Alla fine è dovuta intervenire la Crusca per fermare la follia fatta di asterischi e di schwa che si stava espandendo anche all'interno degli atti giuridici. E per fare un po' d'ordine linguistico nelle nuove sensibilità sull'uso del maschile e del femminile che la moda gender, scusate se non ci sentiamo di chiamarla cultura, ha imposto.
Ma andiamo con ordine. L'Accademia della Crusca ha risposto con un parere formale espresso dal Consiglio direttivo, ad un quesito sulla scrittura rispettosa della parità di genere, negli atti giudiziari, posto dal Comitato Pari opportunità del Consiglio direttivo della Corte di Cassazione. Per molti versi la Crusca si è vista costretta a ribadire il linguisticamente ovvio. Ovvero che «va escluso tassativamente l'asterisco al posto delle desinenze dotate di valore morfologico» e lo stesso vale per lo schwa.
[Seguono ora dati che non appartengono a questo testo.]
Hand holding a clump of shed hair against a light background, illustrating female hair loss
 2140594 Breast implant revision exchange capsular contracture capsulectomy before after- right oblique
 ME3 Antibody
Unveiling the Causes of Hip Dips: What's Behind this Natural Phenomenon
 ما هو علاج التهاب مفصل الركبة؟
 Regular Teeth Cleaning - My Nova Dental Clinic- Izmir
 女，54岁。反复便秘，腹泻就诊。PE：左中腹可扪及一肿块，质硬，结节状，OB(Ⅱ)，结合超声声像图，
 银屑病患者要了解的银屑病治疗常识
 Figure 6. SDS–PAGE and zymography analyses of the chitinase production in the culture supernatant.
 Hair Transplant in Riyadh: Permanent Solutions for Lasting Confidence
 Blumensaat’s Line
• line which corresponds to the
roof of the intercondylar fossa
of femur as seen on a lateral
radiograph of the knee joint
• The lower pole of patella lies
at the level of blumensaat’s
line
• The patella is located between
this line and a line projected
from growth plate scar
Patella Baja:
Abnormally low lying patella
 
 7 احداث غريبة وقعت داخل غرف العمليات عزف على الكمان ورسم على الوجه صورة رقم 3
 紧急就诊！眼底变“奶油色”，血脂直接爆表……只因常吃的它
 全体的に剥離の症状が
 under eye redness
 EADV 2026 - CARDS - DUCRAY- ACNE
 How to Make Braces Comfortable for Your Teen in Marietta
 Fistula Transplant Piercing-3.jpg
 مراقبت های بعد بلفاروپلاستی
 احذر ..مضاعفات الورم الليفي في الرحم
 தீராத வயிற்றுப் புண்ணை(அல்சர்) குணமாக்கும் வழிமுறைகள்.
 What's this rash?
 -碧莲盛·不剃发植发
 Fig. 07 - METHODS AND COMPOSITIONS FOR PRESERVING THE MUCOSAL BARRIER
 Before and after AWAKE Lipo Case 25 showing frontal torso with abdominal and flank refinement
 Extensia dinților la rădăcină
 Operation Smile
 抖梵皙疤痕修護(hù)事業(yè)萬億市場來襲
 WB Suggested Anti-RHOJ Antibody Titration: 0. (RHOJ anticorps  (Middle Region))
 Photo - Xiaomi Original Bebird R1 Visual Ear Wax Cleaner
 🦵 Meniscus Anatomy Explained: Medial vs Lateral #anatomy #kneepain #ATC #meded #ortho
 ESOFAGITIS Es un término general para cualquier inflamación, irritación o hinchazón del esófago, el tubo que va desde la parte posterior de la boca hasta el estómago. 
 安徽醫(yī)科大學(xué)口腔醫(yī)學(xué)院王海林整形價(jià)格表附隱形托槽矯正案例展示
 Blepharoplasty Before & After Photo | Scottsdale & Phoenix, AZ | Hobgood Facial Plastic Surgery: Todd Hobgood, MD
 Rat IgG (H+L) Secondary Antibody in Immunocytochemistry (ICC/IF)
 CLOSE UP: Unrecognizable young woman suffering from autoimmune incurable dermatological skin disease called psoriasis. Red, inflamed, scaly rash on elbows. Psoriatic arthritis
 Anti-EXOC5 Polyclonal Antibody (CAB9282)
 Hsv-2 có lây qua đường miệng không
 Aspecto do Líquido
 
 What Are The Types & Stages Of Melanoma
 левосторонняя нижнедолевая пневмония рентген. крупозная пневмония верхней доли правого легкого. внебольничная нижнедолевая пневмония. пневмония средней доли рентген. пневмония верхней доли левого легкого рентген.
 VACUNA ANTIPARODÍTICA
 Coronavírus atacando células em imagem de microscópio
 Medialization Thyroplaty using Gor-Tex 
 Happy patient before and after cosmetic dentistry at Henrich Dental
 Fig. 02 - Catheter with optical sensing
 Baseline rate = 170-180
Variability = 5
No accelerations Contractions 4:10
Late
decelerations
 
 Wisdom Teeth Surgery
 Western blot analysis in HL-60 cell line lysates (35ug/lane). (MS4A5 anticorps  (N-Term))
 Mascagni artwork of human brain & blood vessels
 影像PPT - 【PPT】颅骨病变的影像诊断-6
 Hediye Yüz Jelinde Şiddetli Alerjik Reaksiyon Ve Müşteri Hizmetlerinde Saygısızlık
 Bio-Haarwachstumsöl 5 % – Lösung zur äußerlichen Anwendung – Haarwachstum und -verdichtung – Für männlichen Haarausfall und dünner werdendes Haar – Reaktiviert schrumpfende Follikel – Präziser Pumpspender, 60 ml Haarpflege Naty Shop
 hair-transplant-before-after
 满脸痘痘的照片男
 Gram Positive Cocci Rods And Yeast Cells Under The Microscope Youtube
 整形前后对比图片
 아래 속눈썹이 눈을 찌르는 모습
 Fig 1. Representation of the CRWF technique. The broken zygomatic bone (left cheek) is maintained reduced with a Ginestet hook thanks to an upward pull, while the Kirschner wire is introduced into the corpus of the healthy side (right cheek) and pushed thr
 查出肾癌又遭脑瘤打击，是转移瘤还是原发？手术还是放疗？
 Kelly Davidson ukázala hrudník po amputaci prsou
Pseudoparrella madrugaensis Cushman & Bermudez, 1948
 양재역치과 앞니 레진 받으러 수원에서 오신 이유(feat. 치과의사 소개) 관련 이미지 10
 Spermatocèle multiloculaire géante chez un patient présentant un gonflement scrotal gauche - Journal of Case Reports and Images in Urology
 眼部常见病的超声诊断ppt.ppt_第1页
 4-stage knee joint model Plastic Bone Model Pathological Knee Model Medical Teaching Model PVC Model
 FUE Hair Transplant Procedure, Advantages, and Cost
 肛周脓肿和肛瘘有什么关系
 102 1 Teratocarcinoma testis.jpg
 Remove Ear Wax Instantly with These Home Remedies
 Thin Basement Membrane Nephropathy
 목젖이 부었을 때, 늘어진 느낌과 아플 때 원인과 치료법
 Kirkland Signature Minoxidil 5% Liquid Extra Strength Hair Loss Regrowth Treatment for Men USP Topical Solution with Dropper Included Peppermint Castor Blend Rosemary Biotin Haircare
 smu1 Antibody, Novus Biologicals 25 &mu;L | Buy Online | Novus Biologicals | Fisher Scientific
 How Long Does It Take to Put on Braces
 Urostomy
Quanto al plurale: «in una lingua come l'italiano, che ha due generi grammaticali, il maschile e il femminile, lo strumento migliore per cui si sentano rappresentati tutti i generi e gli orientamenti continua a essere il maschile plurale non marcato, purché si abbia la consapevolezza di quello che effettivamente è: un modo di includere e non di prevaricare». Ugualmente si potrà usare il maschile non marcato quando ci si riferisca in astratto all'organo o alla funzione, indipendentemente dalla persona che in concreto lo rivesta. Mentre la Crusca invita la Cassazione a fare «uso largo e senza esitazioni dei nomi di cariche e professioni volte al femminile». Pertanto, in base all'applicazione delle normali regole di grammatica i nomi terminanti al maschile in -o hanno il femminile in -a: magistrato/magistrata; prefetto/prefetta; avvocato/avvocata; segretario/segretaria, segretario generale/segretaria generale; perito/perita; architetto/architetta; chirurgo/chirurga; maresciallo/marescialla; colonnello/colonnella.
Insomma un trionfo della normalità e del buon senso a cui si poteva facilmente
arrivare visto che: «La lingua giuridica non è sede adatta per sperimentazioni innovative minoritarie che porterebbero alla disomogeneità e all'idioletto». Ma forse questo dovrebbe valere anche per la lingua di tutti i giorni.